(Items listed in a dataset)
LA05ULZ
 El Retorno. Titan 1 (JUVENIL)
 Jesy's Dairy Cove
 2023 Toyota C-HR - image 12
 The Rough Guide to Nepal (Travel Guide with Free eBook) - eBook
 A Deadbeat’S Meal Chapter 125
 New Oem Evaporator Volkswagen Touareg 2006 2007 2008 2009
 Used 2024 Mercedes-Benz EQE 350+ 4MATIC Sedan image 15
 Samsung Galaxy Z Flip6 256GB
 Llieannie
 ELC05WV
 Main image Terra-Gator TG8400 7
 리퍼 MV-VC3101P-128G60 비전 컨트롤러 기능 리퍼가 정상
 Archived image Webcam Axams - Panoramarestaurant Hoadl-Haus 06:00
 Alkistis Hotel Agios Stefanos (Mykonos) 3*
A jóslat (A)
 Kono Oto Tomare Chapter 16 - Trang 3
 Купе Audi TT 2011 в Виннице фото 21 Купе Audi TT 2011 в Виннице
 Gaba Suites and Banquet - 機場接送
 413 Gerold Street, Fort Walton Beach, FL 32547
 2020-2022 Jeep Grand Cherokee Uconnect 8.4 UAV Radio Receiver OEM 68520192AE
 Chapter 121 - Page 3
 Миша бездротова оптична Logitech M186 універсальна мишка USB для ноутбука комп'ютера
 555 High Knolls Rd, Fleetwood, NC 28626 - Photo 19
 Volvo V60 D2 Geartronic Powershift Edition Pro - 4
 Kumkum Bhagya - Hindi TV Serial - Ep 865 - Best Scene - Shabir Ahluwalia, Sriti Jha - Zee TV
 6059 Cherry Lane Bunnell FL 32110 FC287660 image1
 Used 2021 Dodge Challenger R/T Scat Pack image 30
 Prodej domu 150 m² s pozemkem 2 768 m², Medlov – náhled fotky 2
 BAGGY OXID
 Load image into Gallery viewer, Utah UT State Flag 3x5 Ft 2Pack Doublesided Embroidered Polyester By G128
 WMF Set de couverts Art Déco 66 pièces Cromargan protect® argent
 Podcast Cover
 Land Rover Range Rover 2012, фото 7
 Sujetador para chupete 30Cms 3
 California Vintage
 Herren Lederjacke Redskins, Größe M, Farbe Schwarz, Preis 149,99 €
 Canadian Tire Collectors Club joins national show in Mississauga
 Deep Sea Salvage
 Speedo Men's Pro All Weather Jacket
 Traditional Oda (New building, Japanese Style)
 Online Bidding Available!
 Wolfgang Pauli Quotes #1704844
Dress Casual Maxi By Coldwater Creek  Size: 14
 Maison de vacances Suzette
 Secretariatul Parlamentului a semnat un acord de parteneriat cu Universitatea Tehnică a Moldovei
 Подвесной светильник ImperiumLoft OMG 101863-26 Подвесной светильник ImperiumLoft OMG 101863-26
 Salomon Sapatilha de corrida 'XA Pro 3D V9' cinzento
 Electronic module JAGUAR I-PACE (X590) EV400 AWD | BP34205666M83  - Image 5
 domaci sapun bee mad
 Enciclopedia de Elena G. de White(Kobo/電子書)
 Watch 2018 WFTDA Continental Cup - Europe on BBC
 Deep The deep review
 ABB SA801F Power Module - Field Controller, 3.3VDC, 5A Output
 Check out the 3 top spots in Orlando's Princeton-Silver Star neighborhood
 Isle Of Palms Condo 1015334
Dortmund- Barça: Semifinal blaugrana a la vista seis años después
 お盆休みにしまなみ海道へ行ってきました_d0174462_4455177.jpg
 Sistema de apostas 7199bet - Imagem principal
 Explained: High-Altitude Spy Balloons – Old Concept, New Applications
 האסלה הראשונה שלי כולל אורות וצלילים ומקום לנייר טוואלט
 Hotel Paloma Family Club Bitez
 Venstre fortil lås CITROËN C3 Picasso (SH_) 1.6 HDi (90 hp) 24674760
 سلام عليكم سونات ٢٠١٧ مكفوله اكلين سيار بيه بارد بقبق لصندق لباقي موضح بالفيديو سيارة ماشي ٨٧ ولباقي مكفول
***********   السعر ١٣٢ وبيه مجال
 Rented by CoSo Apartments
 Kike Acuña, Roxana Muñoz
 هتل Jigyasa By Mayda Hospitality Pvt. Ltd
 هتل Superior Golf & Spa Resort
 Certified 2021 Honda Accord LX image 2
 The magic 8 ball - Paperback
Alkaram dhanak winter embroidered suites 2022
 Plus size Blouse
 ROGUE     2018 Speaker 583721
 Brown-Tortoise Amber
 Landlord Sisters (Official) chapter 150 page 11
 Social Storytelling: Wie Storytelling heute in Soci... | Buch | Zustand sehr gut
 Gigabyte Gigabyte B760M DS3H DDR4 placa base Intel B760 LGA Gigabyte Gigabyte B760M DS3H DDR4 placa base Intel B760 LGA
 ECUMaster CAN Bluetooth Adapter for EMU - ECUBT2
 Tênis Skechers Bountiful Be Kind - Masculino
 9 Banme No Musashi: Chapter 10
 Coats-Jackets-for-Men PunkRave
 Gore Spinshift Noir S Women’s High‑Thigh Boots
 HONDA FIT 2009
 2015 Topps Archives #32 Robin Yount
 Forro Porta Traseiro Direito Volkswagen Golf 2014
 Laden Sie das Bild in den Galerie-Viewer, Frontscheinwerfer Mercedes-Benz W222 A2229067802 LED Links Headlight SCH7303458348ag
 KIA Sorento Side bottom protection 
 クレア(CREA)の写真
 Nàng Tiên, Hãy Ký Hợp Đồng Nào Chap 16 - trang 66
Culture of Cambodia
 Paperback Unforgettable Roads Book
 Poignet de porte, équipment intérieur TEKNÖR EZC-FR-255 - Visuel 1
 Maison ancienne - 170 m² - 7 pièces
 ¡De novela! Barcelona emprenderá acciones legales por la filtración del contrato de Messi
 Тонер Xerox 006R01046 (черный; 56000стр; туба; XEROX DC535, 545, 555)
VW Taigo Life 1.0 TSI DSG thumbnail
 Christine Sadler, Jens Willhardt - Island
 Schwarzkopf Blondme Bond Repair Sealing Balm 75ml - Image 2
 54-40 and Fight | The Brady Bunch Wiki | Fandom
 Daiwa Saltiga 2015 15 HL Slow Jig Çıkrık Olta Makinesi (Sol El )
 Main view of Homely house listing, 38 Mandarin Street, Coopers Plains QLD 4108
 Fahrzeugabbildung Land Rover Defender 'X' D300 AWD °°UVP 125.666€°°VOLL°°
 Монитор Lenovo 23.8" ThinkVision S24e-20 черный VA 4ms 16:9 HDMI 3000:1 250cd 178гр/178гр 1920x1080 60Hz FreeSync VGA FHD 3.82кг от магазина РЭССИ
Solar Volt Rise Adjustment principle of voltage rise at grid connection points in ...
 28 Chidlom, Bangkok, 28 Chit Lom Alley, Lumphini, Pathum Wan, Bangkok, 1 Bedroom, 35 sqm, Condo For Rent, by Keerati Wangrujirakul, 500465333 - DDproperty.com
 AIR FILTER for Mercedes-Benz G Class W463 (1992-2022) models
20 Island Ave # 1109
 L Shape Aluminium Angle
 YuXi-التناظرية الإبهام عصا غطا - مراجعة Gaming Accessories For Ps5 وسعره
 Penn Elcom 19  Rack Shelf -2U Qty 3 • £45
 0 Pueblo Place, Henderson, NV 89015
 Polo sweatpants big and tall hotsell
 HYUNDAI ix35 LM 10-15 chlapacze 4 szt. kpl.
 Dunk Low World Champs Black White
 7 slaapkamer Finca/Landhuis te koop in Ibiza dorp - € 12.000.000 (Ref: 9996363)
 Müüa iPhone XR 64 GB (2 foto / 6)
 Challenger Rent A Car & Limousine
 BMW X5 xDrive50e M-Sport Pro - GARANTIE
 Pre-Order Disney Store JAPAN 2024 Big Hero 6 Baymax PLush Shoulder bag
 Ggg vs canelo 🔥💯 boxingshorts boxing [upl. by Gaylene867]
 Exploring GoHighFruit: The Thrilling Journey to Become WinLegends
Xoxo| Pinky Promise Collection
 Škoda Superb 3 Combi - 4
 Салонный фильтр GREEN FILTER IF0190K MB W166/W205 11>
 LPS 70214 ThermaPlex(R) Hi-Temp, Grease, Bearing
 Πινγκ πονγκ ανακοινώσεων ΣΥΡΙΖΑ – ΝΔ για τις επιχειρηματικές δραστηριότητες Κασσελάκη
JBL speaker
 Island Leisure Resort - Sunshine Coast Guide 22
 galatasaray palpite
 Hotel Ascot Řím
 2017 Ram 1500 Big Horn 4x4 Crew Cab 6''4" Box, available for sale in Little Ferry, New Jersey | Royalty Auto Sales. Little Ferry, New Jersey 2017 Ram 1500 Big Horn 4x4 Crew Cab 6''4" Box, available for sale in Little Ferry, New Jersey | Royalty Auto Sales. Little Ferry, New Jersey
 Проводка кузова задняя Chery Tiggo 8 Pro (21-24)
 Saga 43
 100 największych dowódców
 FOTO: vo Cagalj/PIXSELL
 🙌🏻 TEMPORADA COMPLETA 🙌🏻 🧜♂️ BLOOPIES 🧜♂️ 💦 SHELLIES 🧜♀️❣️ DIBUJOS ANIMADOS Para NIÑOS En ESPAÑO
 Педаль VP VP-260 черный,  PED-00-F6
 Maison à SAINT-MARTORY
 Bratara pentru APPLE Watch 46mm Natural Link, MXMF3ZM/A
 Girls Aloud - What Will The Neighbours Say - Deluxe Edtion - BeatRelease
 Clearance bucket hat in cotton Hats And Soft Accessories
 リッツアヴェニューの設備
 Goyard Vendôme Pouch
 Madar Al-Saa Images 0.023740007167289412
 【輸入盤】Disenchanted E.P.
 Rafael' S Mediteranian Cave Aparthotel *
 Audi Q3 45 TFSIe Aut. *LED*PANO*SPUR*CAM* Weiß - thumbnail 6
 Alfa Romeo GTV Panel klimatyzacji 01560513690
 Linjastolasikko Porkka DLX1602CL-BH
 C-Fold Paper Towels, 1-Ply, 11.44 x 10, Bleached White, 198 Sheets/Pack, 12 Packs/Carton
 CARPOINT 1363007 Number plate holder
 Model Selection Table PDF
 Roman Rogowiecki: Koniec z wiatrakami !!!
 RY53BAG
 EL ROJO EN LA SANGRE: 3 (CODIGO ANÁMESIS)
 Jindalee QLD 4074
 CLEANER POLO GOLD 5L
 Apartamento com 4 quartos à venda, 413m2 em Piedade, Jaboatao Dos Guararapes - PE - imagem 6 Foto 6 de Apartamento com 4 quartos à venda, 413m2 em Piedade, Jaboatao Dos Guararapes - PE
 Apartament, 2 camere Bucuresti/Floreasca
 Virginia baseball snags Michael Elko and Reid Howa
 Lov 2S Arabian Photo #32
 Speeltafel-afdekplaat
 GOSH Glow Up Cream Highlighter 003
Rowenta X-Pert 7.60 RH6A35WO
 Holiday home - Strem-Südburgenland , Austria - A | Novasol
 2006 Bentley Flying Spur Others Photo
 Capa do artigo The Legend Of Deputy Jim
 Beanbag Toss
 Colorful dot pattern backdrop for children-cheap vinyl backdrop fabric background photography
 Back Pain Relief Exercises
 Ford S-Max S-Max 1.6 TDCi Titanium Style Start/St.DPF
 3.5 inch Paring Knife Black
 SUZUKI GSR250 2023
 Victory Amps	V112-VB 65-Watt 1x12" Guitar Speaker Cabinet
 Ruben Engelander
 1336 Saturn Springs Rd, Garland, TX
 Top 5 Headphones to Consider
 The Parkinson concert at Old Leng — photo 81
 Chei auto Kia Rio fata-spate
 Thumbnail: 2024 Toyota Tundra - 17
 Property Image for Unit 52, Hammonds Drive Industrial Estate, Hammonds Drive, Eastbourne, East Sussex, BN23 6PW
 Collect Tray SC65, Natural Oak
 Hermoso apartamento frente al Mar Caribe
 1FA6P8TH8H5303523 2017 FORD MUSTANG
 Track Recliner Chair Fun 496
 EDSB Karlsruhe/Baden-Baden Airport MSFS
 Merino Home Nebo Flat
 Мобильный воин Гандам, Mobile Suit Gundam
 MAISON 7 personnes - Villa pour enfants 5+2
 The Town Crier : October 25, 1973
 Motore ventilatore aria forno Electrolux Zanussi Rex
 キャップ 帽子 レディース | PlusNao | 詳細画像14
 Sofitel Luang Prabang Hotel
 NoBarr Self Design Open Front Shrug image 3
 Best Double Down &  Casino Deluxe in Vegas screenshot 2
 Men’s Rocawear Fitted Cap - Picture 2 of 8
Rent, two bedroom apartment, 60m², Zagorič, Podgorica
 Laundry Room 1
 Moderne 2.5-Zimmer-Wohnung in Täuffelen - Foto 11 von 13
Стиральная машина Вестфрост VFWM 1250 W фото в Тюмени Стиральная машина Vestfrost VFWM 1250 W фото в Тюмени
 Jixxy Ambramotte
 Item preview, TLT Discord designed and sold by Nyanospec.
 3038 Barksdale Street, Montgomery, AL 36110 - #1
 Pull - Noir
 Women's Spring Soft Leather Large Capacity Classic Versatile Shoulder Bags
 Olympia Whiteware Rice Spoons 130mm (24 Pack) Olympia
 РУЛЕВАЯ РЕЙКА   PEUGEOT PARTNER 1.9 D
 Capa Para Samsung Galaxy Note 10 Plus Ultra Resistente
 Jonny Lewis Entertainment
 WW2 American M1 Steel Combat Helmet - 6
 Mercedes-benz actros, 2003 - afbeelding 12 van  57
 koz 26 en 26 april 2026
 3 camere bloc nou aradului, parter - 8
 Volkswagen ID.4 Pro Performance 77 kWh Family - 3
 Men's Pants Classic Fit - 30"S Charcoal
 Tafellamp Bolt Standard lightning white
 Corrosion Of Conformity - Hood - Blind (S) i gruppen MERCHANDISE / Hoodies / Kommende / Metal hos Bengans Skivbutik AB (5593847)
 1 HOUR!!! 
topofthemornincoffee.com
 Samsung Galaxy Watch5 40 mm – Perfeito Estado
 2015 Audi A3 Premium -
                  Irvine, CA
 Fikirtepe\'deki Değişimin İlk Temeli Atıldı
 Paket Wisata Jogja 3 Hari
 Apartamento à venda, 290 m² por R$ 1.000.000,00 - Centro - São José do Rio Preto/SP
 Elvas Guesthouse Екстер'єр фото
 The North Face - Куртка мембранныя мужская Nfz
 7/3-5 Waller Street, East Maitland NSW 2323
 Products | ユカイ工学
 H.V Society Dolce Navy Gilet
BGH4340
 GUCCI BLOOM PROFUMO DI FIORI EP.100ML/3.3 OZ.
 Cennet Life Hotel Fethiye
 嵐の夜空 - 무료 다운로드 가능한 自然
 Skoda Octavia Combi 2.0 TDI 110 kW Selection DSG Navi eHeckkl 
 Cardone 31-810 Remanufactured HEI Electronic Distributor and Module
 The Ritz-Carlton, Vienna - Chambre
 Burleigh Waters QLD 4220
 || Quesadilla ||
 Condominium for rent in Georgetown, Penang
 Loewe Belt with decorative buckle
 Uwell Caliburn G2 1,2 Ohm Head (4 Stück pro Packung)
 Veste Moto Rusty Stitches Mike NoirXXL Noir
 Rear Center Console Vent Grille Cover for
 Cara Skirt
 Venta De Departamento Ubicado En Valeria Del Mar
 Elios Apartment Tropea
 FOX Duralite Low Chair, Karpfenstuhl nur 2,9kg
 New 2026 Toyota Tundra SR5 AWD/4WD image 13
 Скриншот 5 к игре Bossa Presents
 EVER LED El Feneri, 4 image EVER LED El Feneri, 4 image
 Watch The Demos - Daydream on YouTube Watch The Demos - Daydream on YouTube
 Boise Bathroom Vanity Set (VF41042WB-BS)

Work request >> The lines above that include "Electronic" should each be listed.

Written solution >>
 Electronic module JAGUAR I-PACE (X590) EV400 AWD | BP34205666M83  - Image 5
 Cardone 31-810 Remanufactured HEI Electronic Distributor and Module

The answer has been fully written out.